Ma vi è anche un intrigante rapporto di causa/effetto, tra il supporto e l’intervento successivo, che determina il fluire delle immagini come in una serie di fotogrammi.
Necchio segue, senza inseguirla, la traccia dell’immaginazione. Svolge un percorso naturale, di causa in effetto, dunque, come di chi va scoprendo la propria verità nell’arte all’atto del suo farsi. Il racconto si carica di emozioni, e di mistero, in un passo nel buio che proietta un’ombra, in un silenzio spirituale di una città da vivere in sogno. Sembrano preannunciare la scena successiva questi lavori, che visti in sequenza potrebbero sembrare un’opera unica. Anniversario I, II, IV, V: l’evento può essere importante, ma è ancora più interessante l’aspetto evocativo, l’idea di un appuntamento virtuale, forse proprio con l’arte.

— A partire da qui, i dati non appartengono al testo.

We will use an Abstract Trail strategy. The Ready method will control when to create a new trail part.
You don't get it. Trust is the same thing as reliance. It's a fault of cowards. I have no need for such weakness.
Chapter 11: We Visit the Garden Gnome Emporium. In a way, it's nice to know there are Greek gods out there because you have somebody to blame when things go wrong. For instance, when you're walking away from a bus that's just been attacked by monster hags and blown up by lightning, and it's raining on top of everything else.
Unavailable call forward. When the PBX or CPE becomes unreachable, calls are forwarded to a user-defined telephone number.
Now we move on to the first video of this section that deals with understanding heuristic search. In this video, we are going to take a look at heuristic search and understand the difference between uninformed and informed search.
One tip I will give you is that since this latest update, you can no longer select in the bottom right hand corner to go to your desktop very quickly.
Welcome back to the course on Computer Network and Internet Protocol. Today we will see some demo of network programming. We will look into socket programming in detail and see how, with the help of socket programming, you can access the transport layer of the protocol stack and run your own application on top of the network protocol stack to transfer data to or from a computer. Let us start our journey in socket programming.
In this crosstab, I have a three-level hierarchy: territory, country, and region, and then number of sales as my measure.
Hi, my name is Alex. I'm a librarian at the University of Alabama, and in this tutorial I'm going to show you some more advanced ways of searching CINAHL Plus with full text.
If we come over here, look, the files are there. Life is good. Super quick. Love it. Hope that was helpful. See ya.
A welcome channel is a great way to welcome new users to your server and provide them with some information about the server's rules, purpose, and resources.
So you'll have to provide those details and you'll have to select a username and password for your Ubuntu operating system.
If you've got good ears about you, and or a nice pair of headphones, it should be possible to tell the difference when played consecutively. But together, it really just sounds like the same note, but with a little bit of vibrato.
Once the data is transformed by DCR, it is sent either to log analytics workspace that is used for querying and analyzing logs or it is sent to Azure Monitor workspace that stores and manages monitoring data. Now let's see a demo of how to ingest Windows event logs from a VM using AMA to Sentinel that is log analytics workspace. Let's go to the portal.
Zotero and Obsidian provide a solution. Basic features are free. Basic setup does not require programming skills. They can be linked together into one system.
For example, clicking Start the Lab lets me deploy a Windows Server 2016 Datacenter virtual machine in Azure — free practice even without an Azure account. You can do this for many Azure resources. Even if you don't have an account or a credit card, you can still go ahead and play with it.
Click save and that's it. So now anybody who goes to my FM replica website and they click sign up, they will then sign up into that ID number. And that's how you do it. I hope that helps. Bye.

Rumori, Silenzi, Cupola, tramonto e vento – cose di Como, sono solo alcuni dei titoli di opere realizzate appositamente per questa mostra, la cui ricerca svela lo studio attento, quasi febbrile, della carta, appunto, non solo come supporto, ma soprattutto come parte integrante e imprescindibile nel lavoro.
La carta, nelle sue molteplici declinazioni, appare, quindi, come materia viva e vibrante, come elemento naturale e dunque vitale, in cui natura e architetture si fondono nella superficie vissuta e articolata, nelle sfumature cromatiche degli ocra, dei bianchi e dei blu; sono opere bidimensionali “da toccare, da respirare, da sentire”.
La carta lavorata a mano necessita di un processo lungo e paziente, che non prevede errori o “pentimenti” ed entra nel percorso narrativo dell’artista come una seconda pelle.